## [Directions for this task]
What is the number of lines below that include the string "Jewelry"? Provide that number alone.

## [Recorded data]
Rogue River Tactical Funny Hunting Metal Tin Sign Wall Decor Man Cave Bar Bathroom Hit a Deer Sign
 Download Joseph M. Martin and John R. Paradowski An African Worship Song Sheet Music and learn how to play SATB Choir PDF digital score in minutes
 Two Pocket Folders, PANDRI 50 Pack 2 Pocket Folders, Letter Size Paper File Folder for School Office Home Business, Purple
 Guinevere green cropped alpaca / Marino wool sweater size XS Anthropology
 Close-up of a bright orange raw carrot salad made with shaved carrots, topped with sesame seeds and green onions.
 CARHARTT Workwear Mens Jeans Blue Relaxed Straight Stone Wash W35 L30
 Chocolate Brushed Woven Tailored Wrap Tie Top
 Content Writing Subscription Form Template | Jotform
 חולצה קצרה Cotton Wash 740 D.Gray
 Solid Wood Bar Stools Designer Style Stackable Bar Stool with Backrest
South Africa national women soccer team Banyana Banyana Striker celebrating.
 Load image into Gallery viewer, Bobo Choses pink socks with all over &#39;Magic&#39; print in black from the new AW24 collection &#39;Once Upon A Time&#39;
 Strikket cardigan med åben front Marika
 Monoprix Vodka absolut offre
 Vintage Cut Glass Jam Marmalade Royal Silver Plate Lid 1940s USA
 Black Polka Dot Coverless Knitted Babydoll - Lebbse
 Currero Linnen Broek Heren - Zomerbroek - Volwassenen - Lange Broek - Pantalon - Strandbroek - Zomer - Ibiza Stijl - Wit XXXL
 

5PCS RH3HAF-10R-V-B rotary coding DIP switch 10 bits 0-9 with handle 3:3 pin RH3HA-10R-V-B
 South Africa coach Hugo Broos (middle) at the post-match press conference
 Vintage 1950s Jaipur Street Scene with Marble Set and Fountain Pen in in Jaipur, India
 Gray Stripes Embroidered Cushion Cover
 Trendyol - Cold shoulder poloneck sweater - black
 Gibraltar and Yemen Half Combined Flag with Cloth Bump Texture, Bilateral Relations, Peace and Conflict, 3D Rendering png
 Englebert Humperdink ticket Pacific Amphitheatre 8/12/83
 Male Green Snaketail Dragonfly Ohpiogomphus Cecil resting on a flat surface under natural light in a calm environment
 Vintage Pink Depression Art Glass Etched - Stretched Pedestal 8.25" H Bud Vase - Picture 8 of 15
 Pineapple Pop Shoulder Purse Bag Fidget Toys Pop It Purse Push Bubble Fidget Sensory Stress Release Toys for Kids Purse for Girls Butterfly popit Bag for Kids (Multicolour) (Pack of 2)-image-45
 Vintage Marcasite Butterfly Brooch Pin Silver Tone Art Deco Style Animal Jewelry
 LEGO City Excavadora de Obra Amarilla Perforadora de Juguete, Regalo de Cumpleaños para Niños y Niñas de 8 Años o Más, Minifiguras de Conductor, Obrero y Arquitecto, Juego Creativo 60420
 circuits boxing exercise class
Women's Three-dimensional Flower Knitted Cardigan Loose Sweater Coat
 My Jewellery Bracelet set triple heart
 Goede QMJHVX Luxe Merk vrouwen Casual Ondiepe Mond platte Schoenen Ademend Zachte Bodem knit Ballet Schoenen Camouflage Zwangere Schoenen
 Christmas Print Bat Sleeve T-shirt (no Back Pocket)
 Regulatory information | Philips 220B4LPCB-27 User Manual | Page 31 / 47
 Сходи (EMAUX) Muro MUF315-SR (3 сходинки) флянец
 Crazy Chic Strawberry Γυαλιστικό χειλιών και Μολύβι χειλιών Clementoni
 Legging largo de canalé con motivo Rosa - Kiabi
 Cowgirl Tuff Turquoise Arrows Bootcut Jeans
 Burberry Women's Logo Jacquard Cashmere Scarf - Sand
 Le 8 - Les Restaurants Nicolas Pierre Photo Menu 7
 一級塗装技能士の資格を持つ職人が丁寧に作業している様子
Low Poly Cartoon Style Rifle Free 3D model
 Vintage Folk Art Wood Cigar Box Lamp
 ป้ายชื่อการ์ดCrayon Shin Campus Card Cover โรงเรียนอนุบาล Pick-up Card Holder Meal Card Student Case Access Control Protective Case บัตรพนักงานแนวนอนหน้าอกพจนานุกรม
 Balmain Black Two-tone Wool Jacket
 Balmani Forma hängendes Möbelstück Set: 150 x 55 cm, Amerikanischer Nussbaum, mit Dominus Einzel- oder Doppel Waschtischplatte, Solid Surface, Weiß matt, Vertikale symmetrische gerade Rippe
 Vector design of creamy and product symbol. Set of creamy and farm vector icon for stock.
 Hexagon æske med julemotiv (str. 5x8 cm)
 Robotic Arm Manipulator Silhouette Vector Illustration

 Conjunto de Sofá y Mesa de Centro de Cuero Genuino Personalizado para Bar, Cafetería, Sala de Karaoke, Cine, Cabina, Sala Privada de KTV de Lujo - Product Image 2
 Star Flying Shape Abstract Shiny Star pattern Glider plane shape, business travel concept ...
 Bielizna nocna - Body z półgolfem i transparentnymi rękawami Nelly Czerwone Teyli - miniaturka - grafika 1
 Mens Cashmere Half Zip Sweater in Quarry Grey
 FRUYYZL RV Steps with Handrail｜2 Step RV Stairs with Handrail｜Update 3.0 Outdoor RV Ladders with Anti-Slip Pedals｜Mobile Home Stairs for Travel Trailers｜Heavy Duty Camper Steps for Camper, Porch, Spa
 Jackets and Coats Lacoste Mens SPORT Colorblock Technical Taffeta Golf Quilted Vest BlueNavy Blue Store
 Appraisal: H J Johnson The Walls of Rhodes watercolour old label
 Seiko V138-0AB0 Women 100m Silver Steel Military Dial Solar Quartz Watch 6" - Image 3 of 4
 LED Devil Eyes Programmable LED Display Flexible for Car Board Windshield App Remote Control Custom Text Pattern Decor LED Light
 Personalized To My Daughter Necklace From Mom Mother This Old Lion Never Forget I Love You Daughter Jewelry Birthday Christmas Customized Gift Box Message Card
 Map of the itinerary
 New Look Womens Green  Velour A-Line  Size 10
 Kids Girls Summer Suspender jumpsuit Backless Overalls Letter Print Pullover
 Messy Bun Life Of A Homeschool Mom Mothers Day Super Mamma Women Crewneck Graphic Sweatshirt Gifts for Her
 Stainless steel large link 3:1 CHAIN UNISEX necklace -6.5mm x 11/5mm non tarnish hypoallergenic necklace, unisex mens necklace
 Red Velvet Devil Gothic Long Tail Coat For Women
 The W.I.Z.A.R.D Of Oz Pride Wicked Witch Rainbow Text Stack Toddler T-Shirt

## [Response]
2